From the January 01, 2010 issue of Futures Magazine • Subscribe!

Understanding stock market direction

Armed with the latest trading tools, trading systems and assorted gadgets, like electronic gunslingers today’s traders ride into the markets ready for action, but often are carried out feet first with busted trading accounts because they lacked an understanding of one fundamental principle: the general stock market direction.

You can be right about every factor of stock selection, but if you’re wrong about the overall stock market, you still are likely to lose on what’s otherwise a solid buy. No matter how good the stock is for buying or the how bad the stock is for short-selling, the odds are against you being successful. On average, 75% to 80% of all stocks will either rise or plummet along with the general market. This scenario was the cause of many losses in the market crashes of 2000 and 2008.

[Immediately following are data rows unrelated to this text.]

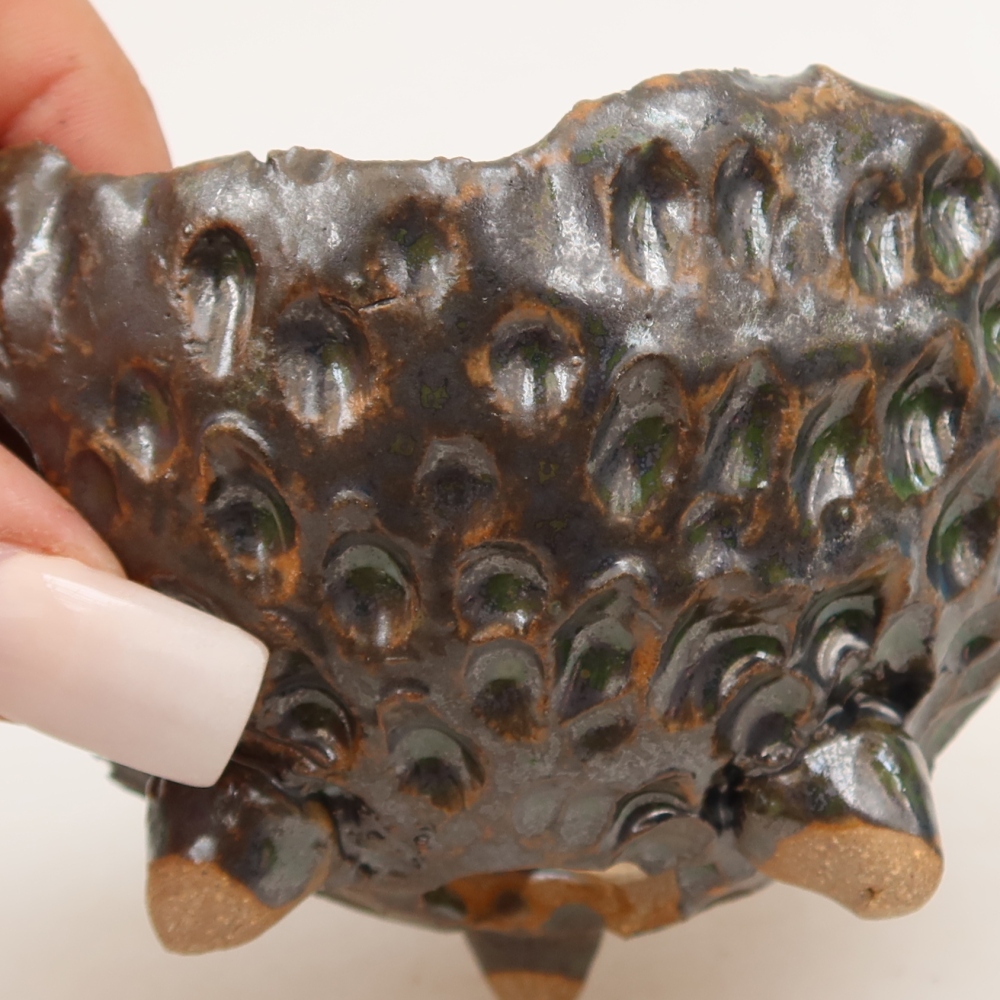 Ceramiczna skorupa  10 x 9,5 x 6 cm, kolor brązowo-zielony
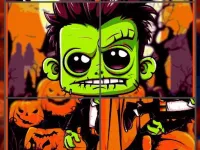 Franky &amp; Vampire Halloween Puzzle image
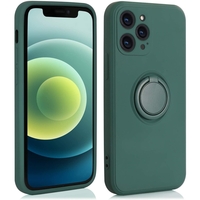 Husa protectie Vafy compatibila cu Apple iPhone 13 Liquid Silicone Ring cu suport rotativ Verde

The good news is, you only have to learn to observe the broader market and adhere to what it is trying to tell you. Unfortunately, most traders confuse predicting the market with timing the market. This is an important secret to successful trading that many get wrong.

Predicting the stock market usually starts off with the wrong question: “What is the market going to do?” This question leads you to start trying to pick tops and bottoms. This approach is usually the result of listening to all the “experts” on cable TV who muse over what future direction the market is going and from what point it will begin its rise or fall.

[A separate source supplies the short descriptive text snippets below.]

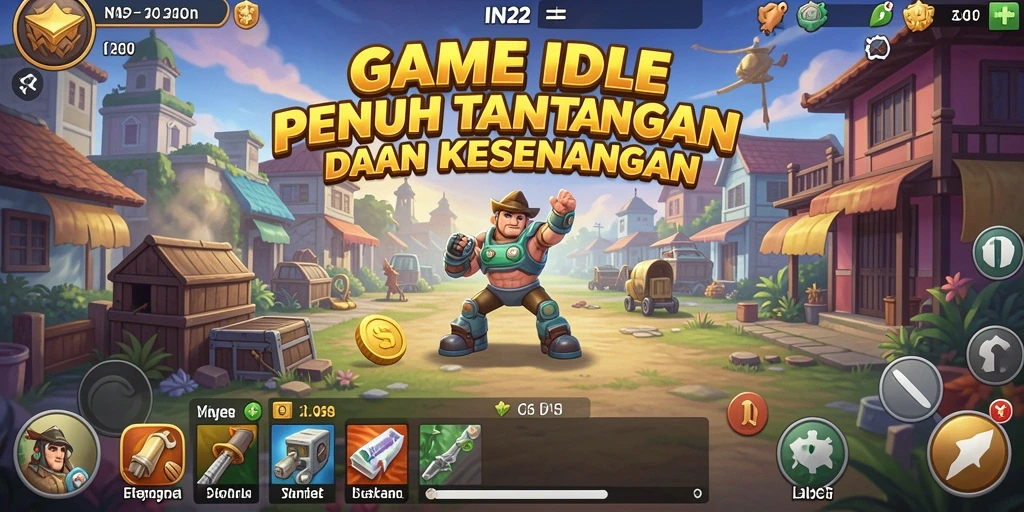 Screenshot gameplay IN22 dengan karakter yang berkembang dan sumber daya yang dihasilkan.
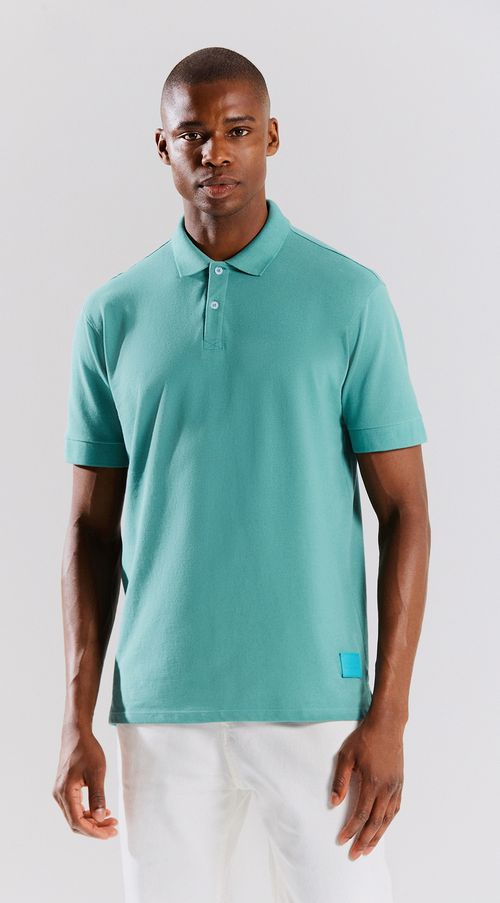 Camiseta Regular Gola Polo Etiqueta De Borracha Com Botão Azul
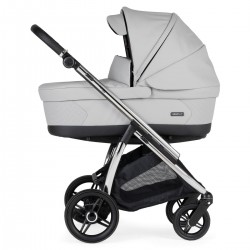 Bebecar Flowy Trio 3 in 1 Travel System + Raincover, FREE Bag & Footmuff, Light Grey / Chrome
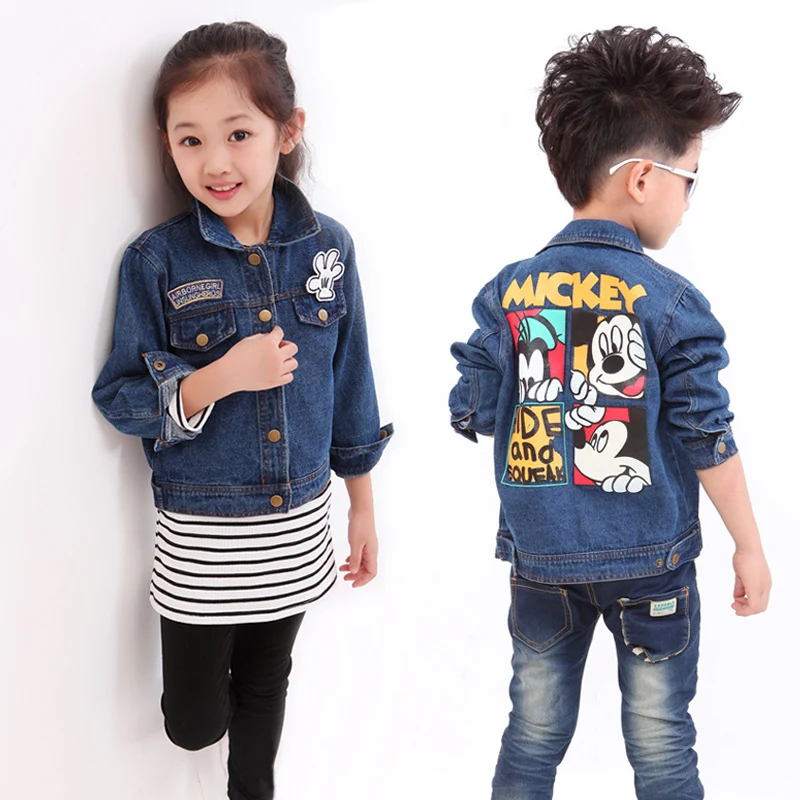 Ceny 2019 nowa dziecięca kurtka dziecięca Minnie Mickey kurtka dziewczyna wiosna chłopiec dziecko kurtka dżinsowa kurtka dziecięca kostium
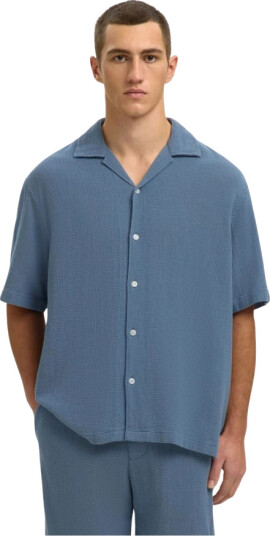 Selected Slhrlxcal Ss Shirt Resort   Blue   M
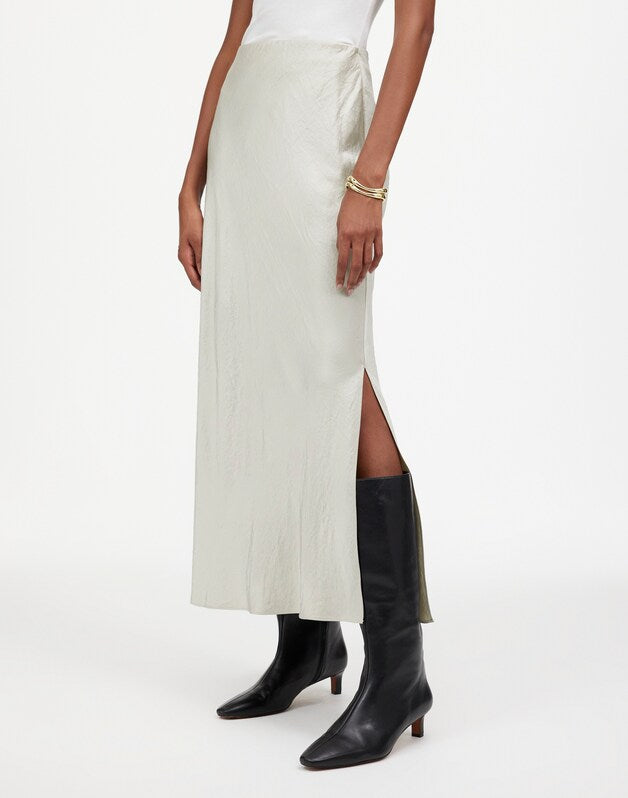 Satin Maxi Slip Skirt STEEL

This leads traders to try to trade off these tops or bottoms, but that is a heartbreaking activity. Rarely are they right and the few times they are, it doesn’t generate enough profit to make up for being wrong the other 70% of the time. It costs them time and emotional well-being.

The first thing to do to avoid falling into this trap is to better understand how big general market indexes move and are influenced by the traders who trade them.

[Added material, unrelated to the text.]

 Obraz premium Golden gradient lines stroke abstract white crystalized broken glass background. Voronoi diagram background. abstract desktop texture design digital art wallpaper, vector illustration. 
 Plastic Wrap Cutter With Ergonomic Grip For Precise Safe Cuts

The markets have moments of incredible euphoria and then, almost in the blink of an eye, despair and hopelessness. These extremes also are contagious to those who are trading them. They can lead to trading paralysis, a state of inaction that often comes at precisely the wrong time: just as the markets begin to turn in their favor.

When the markets are healthy, and the future for the economy looks bright, the market is bullish and happy. For traders caught up in these moves, caution often is moved to the wayside. Unfortunately, as night follows day, markets eventually reverse before market participants know what’s coming. Most never consider that it may be time to lock in gains or protect a position. Like addicts who cannot admit their addictions, these traders turn a blind eye to it being time to leave the market for the safety of cash.

The result of being on the wrong side of the eventual crash is, for most traders, a sense of despair and hopelessness as they hold on during every decline, hoping that every short-term rally is the return of happier days. Instead, the markets become more financially depressed, rewarding the bullish faithful with holdings valued at a fraction of what they once were worth.